Handel: Nahezu unmöglich und mit hohen Einbußen verbunden

Bei Handelsunternehmen stoßen die Pläne des Ministers auf Widerstand. "Es wird sehr, sehr schwierig, ein solches Siegel glaubwürdig umzusetzen", sagte der Geschäftsführer der Außenhandelsvereinigung des Deutschen Einzelhandels, Stefan Wengler, dem epd. Für die Unternehmen sei es nahezu unmöglich nachzuvollziehen, ob auf allen Stationen der Produktion ökologische und soziale Standards eingehalten wurden. Die Unternehmen könnten keine Garantie dafür geben, dass sowohl beim Saatgut für die Baumwolle, der Ernte sowie der Verarbeitung in Spinnereien, Färbereien, Webereien oder Nähereien alles "sauber sei".

Daher gibt Wengler auch den Plänen des Ministers, die Standards notfalls per Gesetz einzufordern, kaum eine Chance: "Eine Ware, von der ich nicht 100-prozentig weiß, dass auf allen Lieferstationen alle Standards eingehalten wurden, ist nicht verkehrsfähig." Da eine Garantie nicht möglich sei, müssten der Handel und die Lieferländer durch ein solches Gesetz mit erheblichen wirtschaftlichen Einbußen rechnen. Zudem geht Wengler davon aus, dass Nischenanbieter die Preise dann nach oben treiben werden. Sein Verband repräsentiert große Import-Handelsfirmen wie die Otto-Gruppe, REWE, Tchibo, Lidl, Deichmann, Adidas und Puma sowie Branchenverbände.

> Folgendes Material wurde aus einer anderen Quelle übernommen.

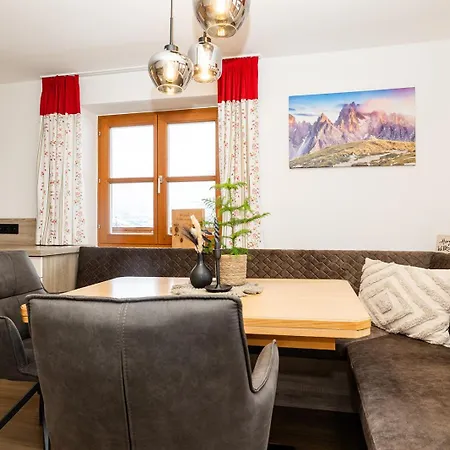 Ferienparadies Taxen Bauernhof *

Die Aussage vieler Unternehmen, dass eine Kontrolle aller Lieferstationen nur schwer möglich sei, kritisierte Hinzmann als vorgeschoben: "Es gehört zu den Kernaufgaben der Firmen für die Umsetzung hoher soziale und ökologische Standards zu sorgen." Er hofft, dass die Initiative des Ministers bald Wirkung zeigt. "Mit billigen Ausreden kann man sich jetzt nicht mehr herausreden." In der strategischen Ausrichtung vieler Textilkonzerne habe sich kaum etwas verändert. Dabei haben Hinzmann zufolge Markenfirmen wie Discounter großen Einfluss auf Löhne oder Arbeitsbedingungen in den Lieferländern.